Caption-style text data
——

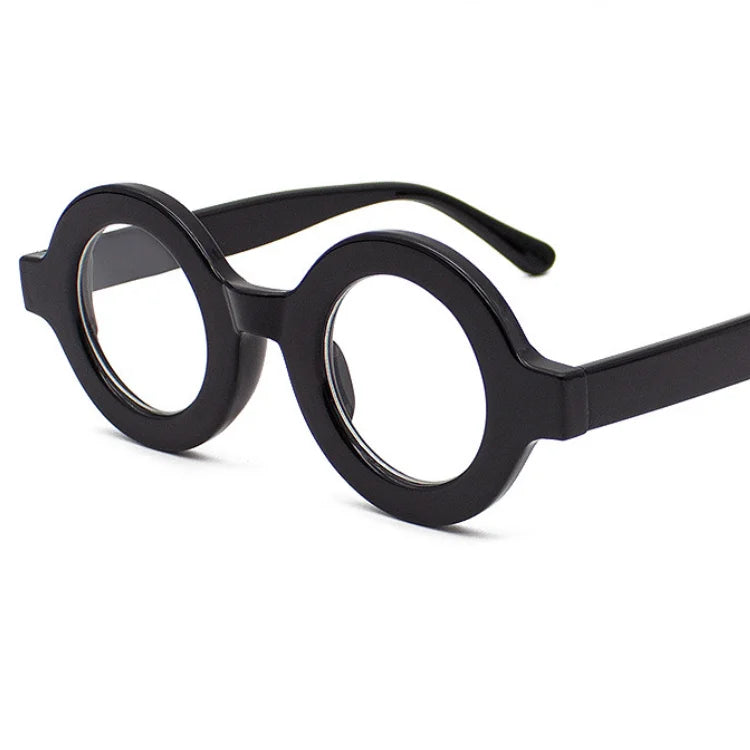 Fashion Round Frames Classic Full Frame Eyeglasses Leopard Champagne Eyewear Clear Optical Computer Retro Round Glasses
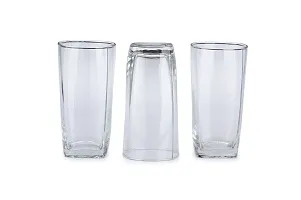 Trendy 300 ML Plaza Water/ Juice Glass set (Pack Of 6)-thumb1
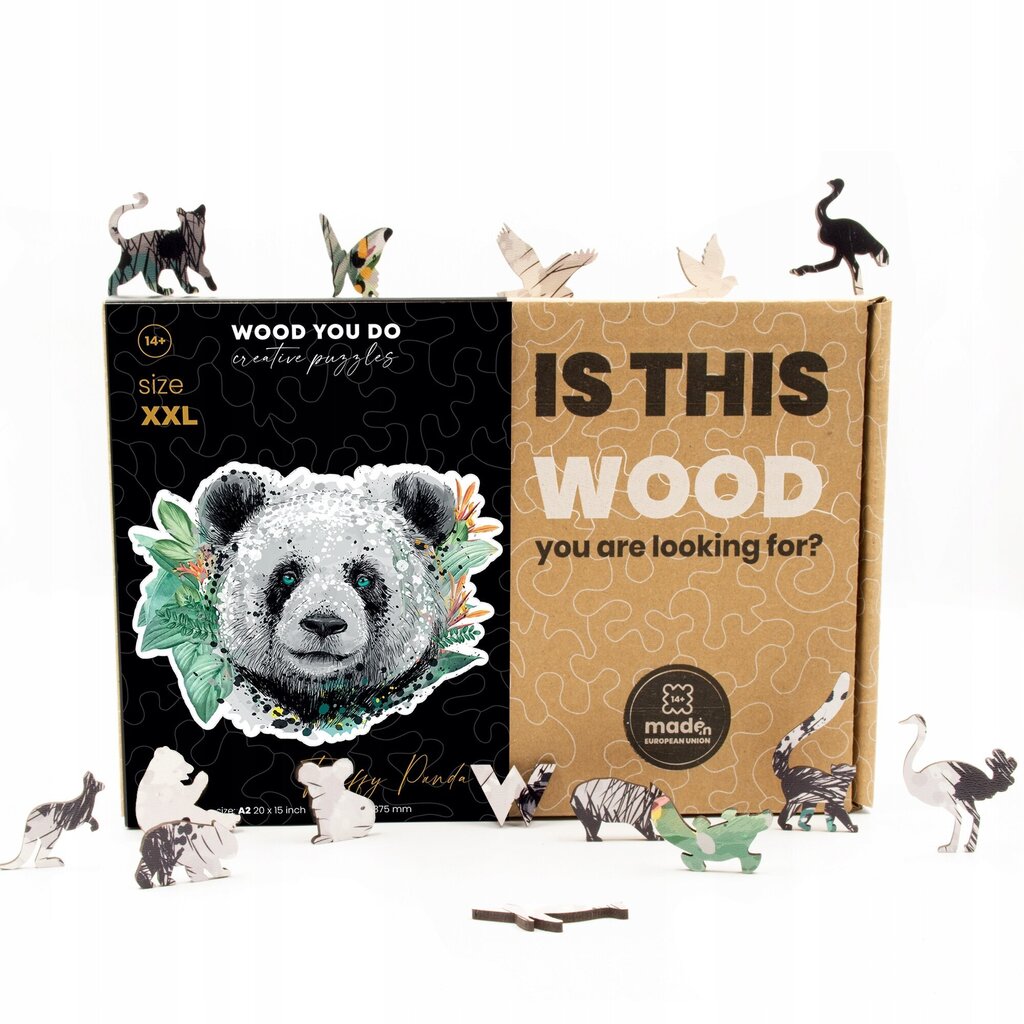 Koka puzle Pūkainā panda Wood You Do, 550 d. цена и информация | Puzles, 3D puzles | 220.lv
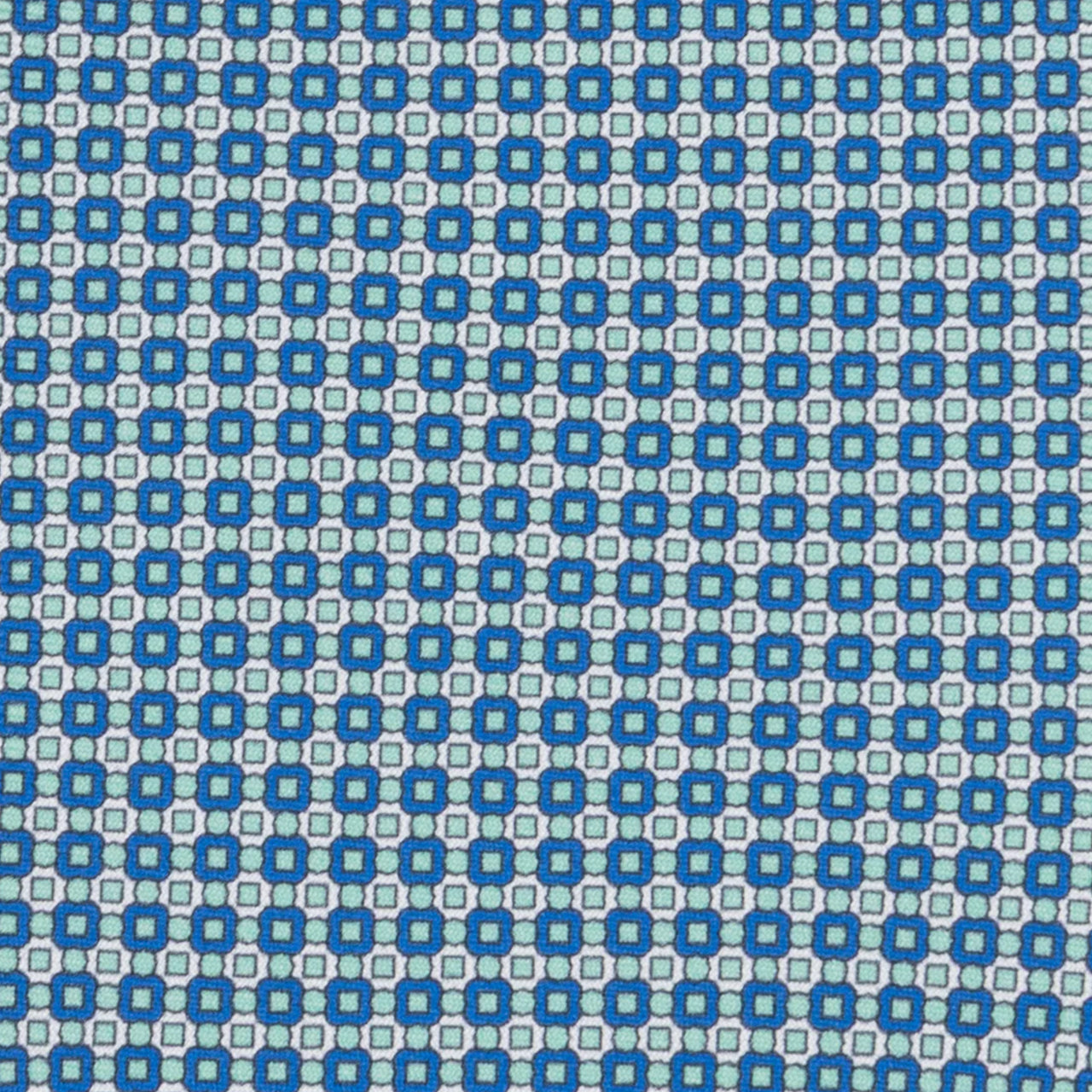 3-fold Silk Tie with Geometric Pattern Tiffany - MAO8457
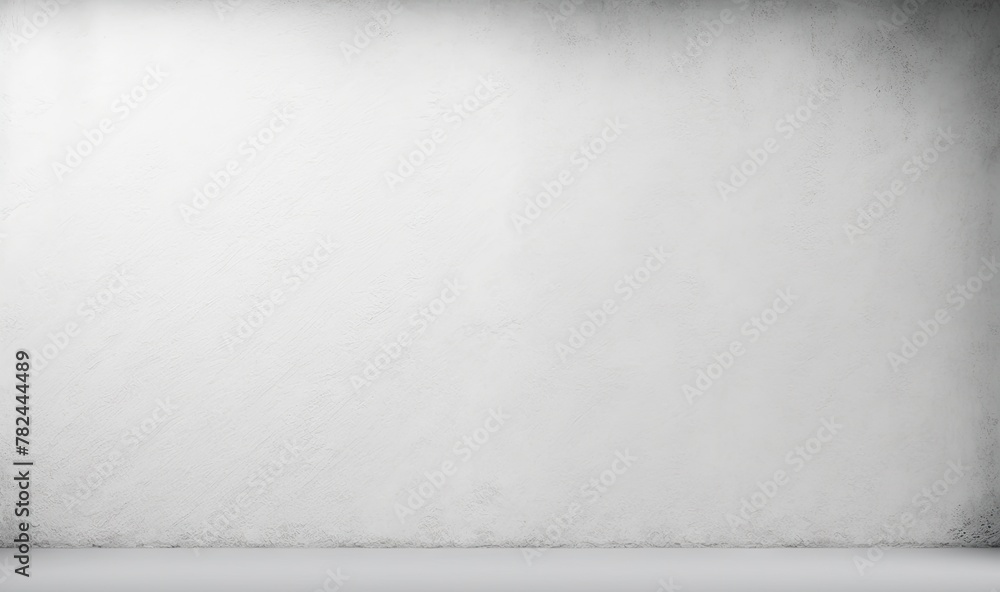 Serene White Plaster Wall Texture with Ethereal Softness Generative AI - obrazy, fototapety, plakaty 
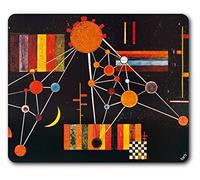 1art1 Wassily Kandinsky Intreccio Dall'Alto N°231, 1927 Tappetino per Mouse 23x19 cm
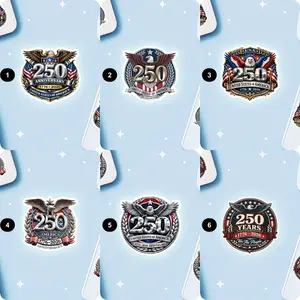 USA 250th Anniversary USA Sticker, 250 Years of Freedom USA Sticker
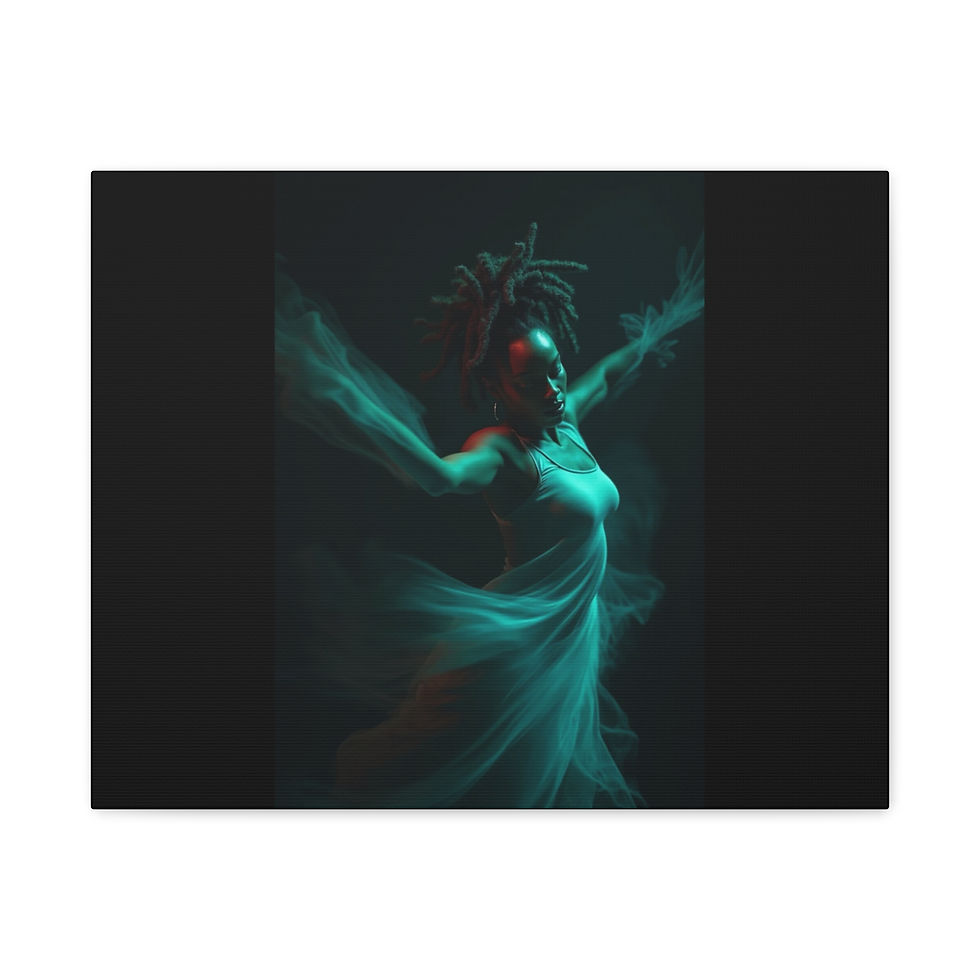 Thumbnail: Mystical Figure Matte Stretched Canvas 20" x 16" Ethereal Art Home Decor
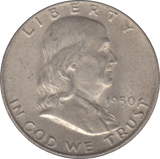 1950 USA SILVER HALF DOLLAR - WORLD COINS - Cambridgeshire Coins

——

_Exercise details:_ Exactly the lines from the top of the entries through the line with "USA 250th Anniversary", inclusive, must be given again, with every picture omitted.

_Written answer:_
 Fashion Round Frames Classic Full Frame Eyeglasses Leopard Champagne Eyewear Clear Optical Computer Retro Round Glasses
 Trendy 300 ML Plaza Water/ Juice Glass set (Pack Of 6)-thumb1
 Koka puzle Pūkainā panda Wood You Do, 550 d. цена и информация | Puzles, 3D puzles | 220.lv
 3-fold Silk Tie with Geometric Pattern Tiffany - MAO8457
 Serene White Plaster Wall Texture with Ethereal Softness Generative AI - obrazy, fototapety, plakaty 
 1art1 Wassily Kandinsky Intreccio Dall'Alto N°231, 1927 Tappetino per Mouse 23x19 cm
 USA 250th Anniversary USA Sticker, 250 Years of Freedom USA Sticker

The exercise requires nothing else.